Online Learning for Autoregressive Multilayer Stochastic Block Models under Stationarity and Non-Stationarity

TL;DR

This paper introduces an online learning framework for dynamic multilayer networks modeled by autoregressive stochastic block models, capable of handling both stationary and non-stationary changes with theoretical guarantees.

Contribution

It proposes a novel AR(1)-MSBM model with recursive estimation and spectral refinement, and develops adaptive algorithms for non-stationary environments with provable guarantees.

Findings

Establishes minimax optimal non-asymptotic estimation rates.

Provides guarantees for community recovery under stationarity.

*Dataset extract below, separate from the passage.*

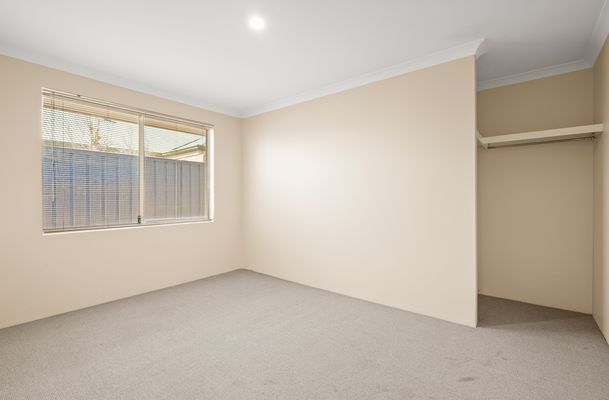 13 Valheru Avenue, Rockingham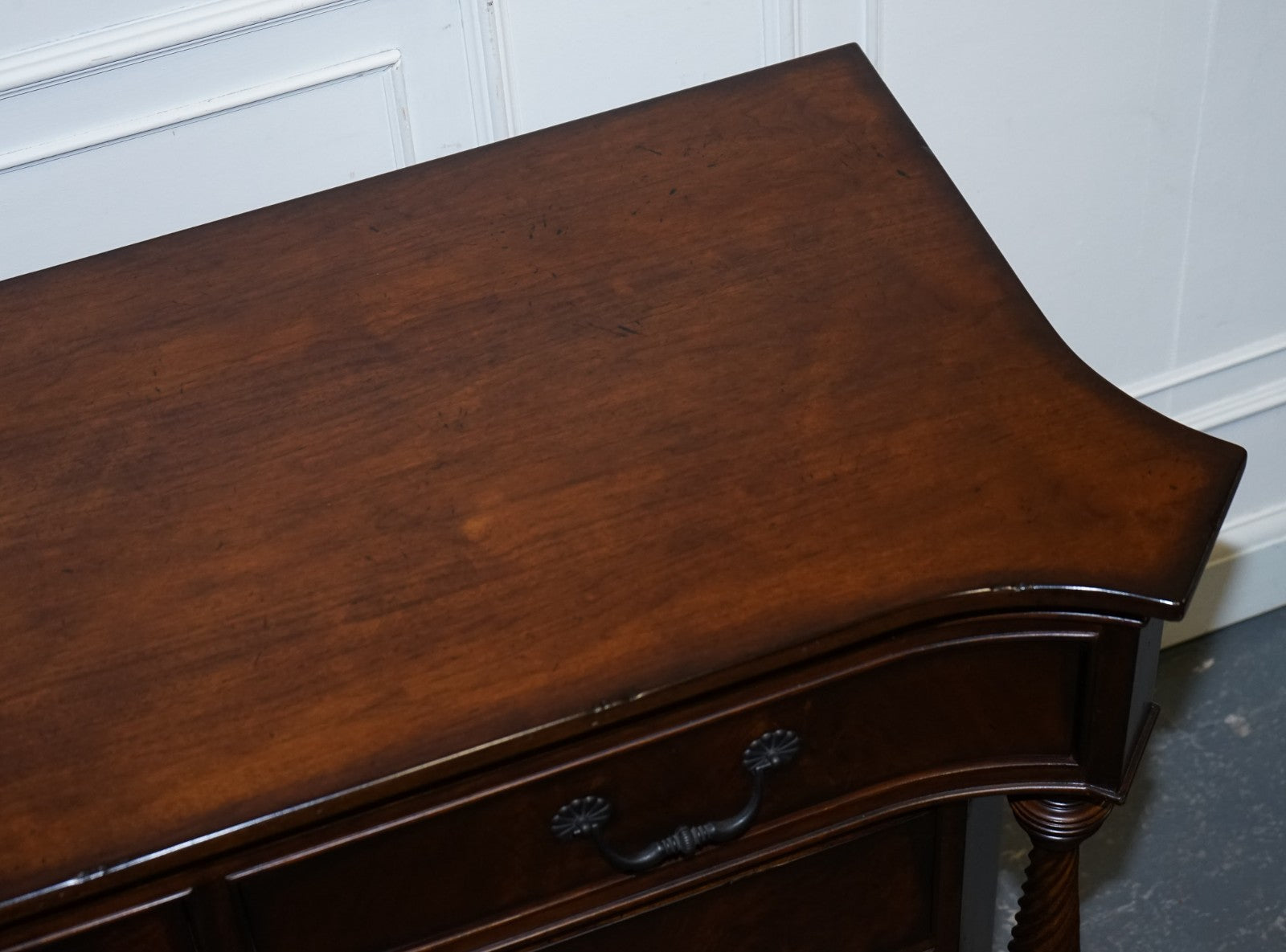 LARGE AMERICAN THOMASVILLE TRINIDAD BREAKFRONT SOLID DRESSER SIDEBOARD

Develops adaptive algorithms for structural changes in non-stationary settings.

Abstract

Dynamic multilayer networks arise in many applications where multiple types of relations among a common set of nodes evolve over time. Existing approaches often assume temporal independence, focus on single-layer networks or impose stationarity, limiting their applicability in practice. In this paper, we introduce a first-order autoregressive multilayer stochastic block model (AR(1)-MSBM), in which edge formation and dissolution probabilities between consecutive time points are determined by latent community memberships and shared across layers. Under stationarity, we propose an online estimation procedure based on recursive updates and tensor-based spectral refinement. We establish non-asymptotic estimation rates, prove their minimax optimality and derive guarantees for community recovery. We further consider a non-stationary setting that allows both abrupt changes and gradual shifts, and develop an adaptive windowed online algorithm that automatically adjusts to unknown structural changes. Under a quasi-stationary segmentation framework, we derive estimation and community recovery guarantees that match the stationary results when applied segmentwise. Our theoretical findings are supported by extensive numerical experiments, with code available online.